## Material provided
****************

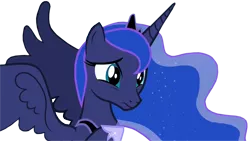 Size: 1920x1080 | Tagged: safe, derpibooru import, edit, edited screencap, editor:childofthenight, screencap, princess luna, alicorn, pony, a royal problem, background removed, cute, female, lunabetes, mare, raised hoof, simple background, solo, spread wings, transparent background, wings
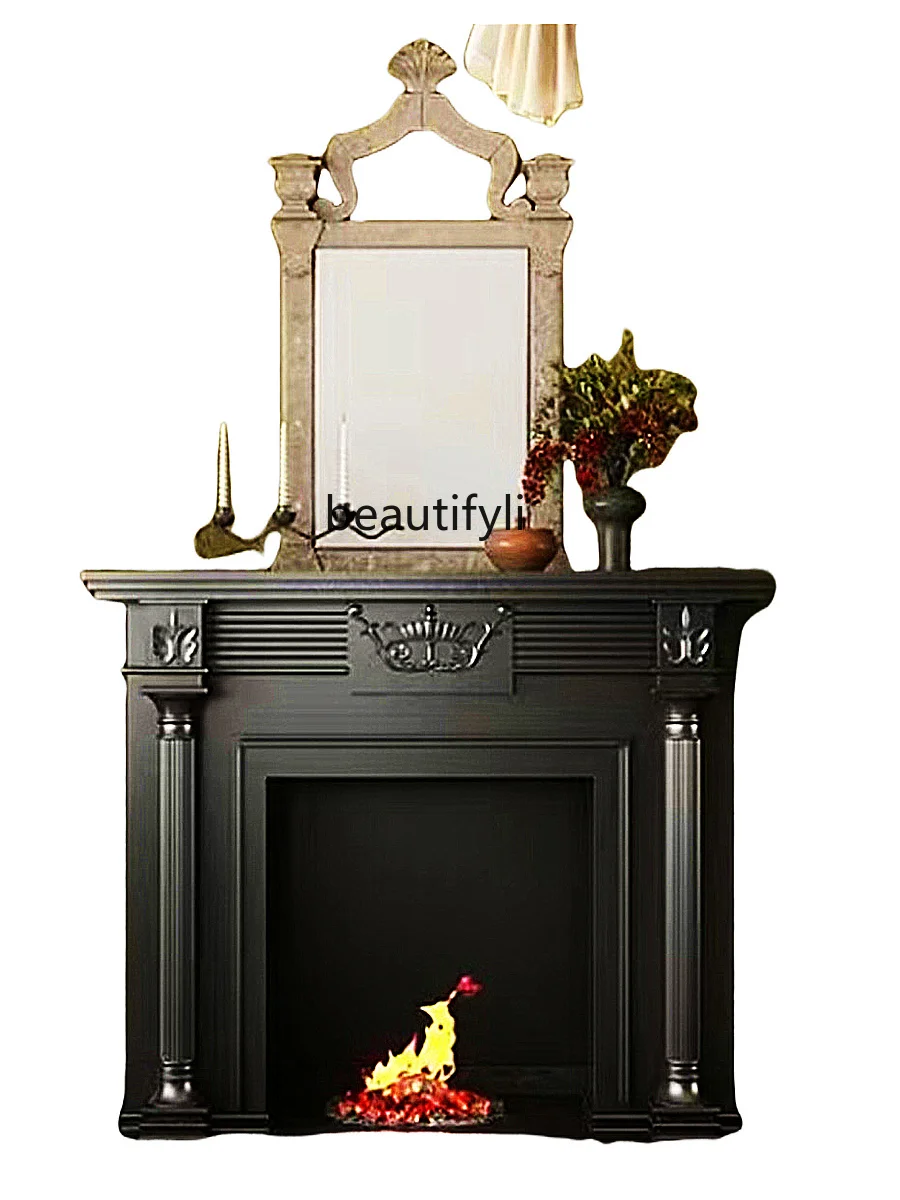 Retro solid wood fireplace rack, black French engraved decorative cabinet, light luxury against the wall, entrance rack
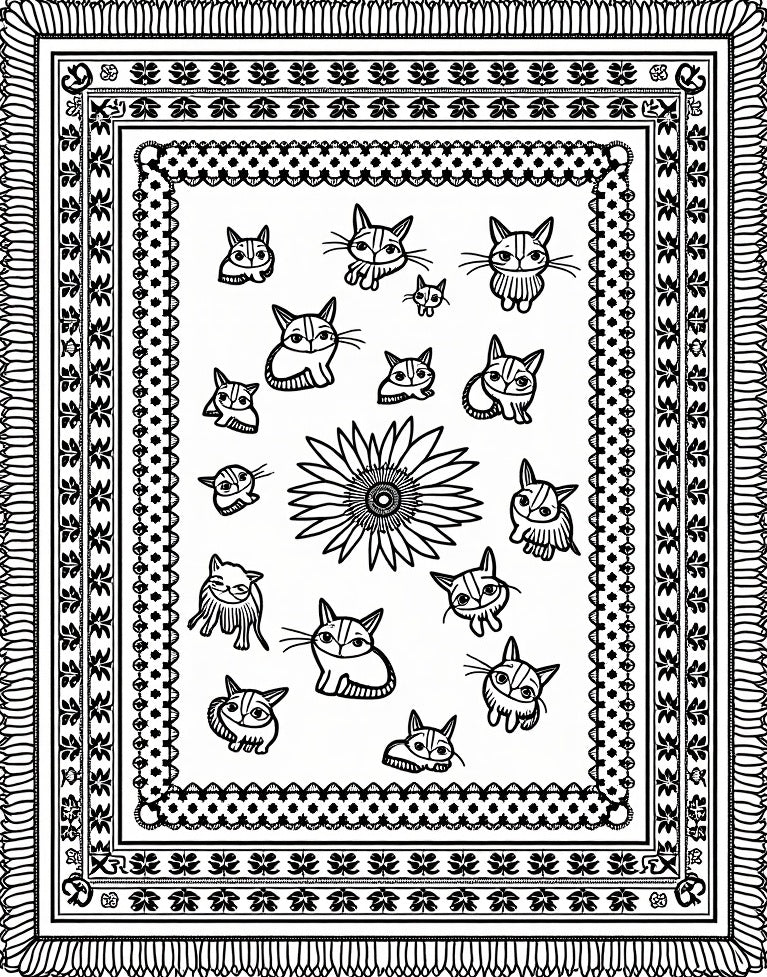 Whimsical Cat Cartoon Sunburst Border Rug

****************

## About this task
Print the lines from the one that contains "Retro solid wood" through the final line of the material above, exactly and only those, with pictures left out.

## Exercise answer
 Retro solid wood fireplace rack, black French engraved decorative cabinet, light luxury against the wall, entrance rack
 Whimsical Cat Cartoon Sunburst Border Rug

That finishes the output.